I invariably end up adding more Catalina and pickle relilsh and sometimes celery.  If you do add more of these take out most of the ham salad to grind up the celery, this way it will pass over the blade more - then mix in with the majority.


----------



## QSis (Jan 9, 2005)

kitchenelf,

That is very close to the way my mother made ham salad when I was a child.  She didn't put in the worcestershire is all.  I make it similarly, since I also LOVE ham salad.

Lee


----------



## kitchenelf (Jan 9, 2005)

Qsis - I went to make it for my SIL one day because she love sit and the recipe called for mustard - I was out - the only thing I could thing of to use with some "twang" was Catalina dressing - I've made it that way ever since!!!  The Worchestershire just adds another layer of flavor - quite good!


----------



## Zagut (Jul 8, 2012)

Okay folks, I've searched and haven't found what I'm looking for. 
My search skills are lacking but I'd like to find a recipe for the deviled ham that comes in the little cans.
I've found many wonderful recipes for what to do with it but I'm seeking something that's like what comes out of the can and I can add the rest as I use it.
I know the recipe is proprietary but I'd like to come as close as possible. 
So far I've found a few ingredients that may or may not work.
Mustard flour
Turmeric
Paprika
Powdered garlic
Worcestershire sauce
Brown sugar
Any ideas on proportions?
Is this something I'm just going to have to experiment with?
Will I be able to freeze it for later use?
Guess I could just grind the ham and add spices as I use it but I'd really like to be able to just add the extras (ie: Mayo,Pickles,Onions,etc.) as I go to a basic spiced product. 
In other words I want what's in the can without buying the can. 
Thanks in advance for your wonderful reply's. 
And if no one reply's I'll have to pull up this guy.


----------



## Zhizara (Jul 8, 2012)

Here's a link:

http://www.google.com/url?sa=t&rct=...Q0SZ1ze4Ibepw7LOw&sig2=w8se-eSJh6Hng53BoPFC7A


----------



## CraigC (Jul 8, 2012)

That stuff was a childhood memory that I would much rather forget! You might be able to match the ingredients, but you will never match that smell! No, I'm wrong about the smell, just open a can of cat food.

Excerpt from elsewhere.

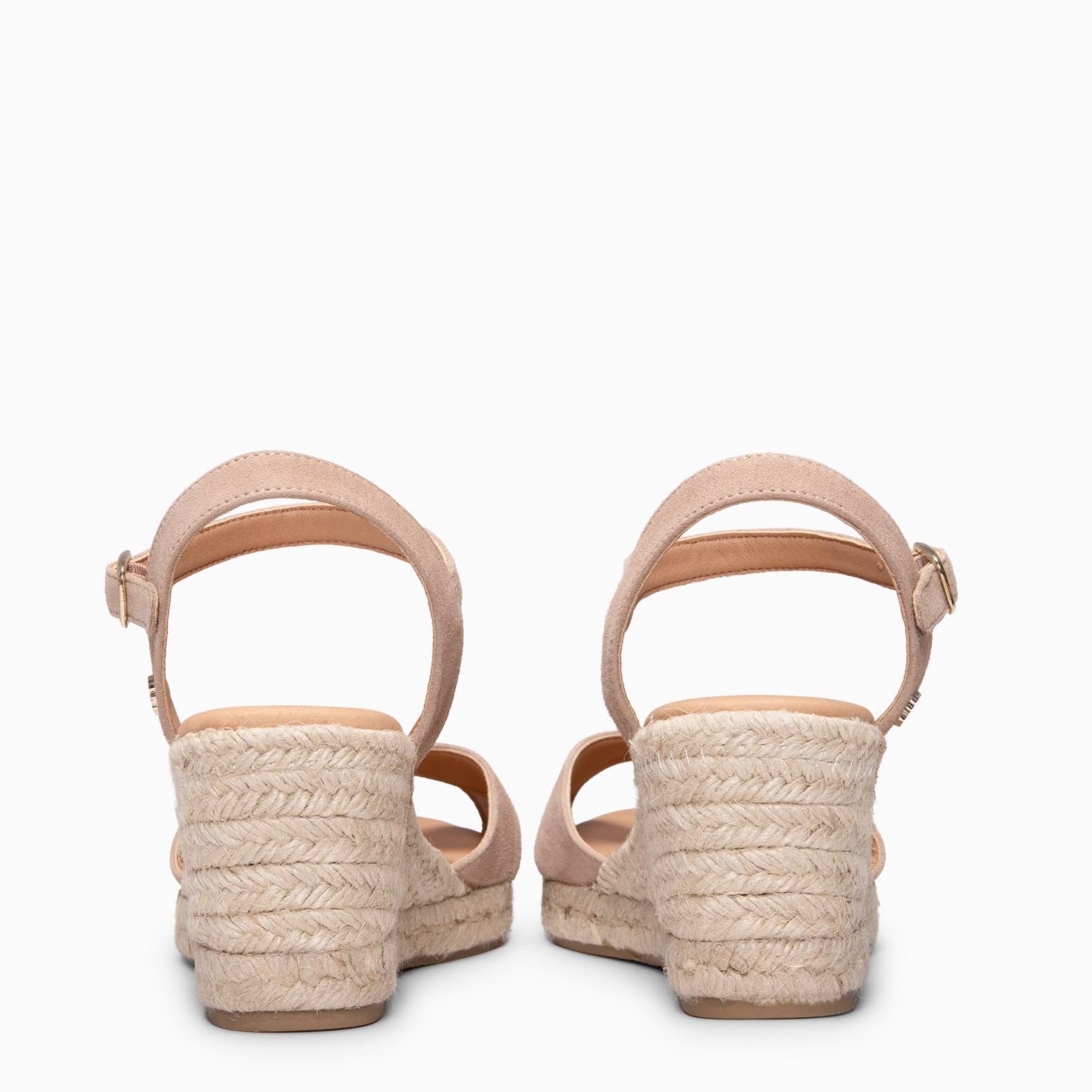 Sandalias con cuña de Esparto con Tiras Cruzadas de Piel y Plantilla de Gel Hecho en España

My mom, when she would cook, used canned meat products often. Those canned "hams" just made my stomach turn. Then I read "The Jungle", by Upton Sinclair" in high school and all bets were off.


----------



## Zagut (Jul 8, 2012)

Thanks Zhizara, I saw that recipe and I want to attempt to stay away from those that have wet ingredients like Mayo,Maple syrup,and the like. Those are to me what I'd like to add later when I make the end result to chow down on. I have a lot to grind and I don't think Mayo & such will freeze well so as to keep it for an extended peroid.
I believe what I'll have to do is simply grind the ham and add spices as I go. I'm sure what you posted is tasty but I'm looking for the basic Underwood formula and will expand upon that as the product is consumed. 

CraigC, I know what you mean. But there are just some things that you get a craving for. It's like Velveeta. I wouldn't eat it as a fine cheese but there are some times when that's the flavor you want and nothing else can take it's place. I read the jungle too. That's why I'd like to come as close to the Underwood product using a ham that I cooked and know it doesn't contain floor sweepings or other unidentified parts of the pig. 
Now as far as opening a can of cat food goes. You'd better talk to Luck & Ethel about that To them nothing smells better to them in the world. And God help me if I run out or those two will give me grief until I find something to substuite for it. Usually only Solid White Albacore will do.


----------



## CraigC (Jul 8, 2012)

No, No, No, not the Velveeta! Horrid memories of that stuff too! Baked Spaghetti, no, no, no, it just can't be!


----------



## Zagut (Jul 8, 2012)

CraigC said:


> No, No, No, not the Velveeta! Horrid memories of that stuff too! Baked Spaghetti, no, no, no, it just can't be!


 


Yes the Velveeta. 
I know that it can be gross and it usually is but there are times that it's what is needed.
Us old farts simply need to relive the past when we can. 
I never had the pleasure of baked spaghetti so I'll leave that for others to expound upon. 
I simply want to find a Deviled Ham recipe that I can make that simulates the product of my youth.


----------



## Dawgluver (Jul 8, 2012)

http://www.livestrong.com/article/534487-underwood-deviled-ham-ingredients/


----------



## Zhizara (Jul 8, 2012)

I get ya, Zagut.  I'd grind and freeze the meat and experiment on small portions, keeping a log of what I used and how it came out, ideas for next time, etc.  It's the way I create a new recipe until I get it the way I want it.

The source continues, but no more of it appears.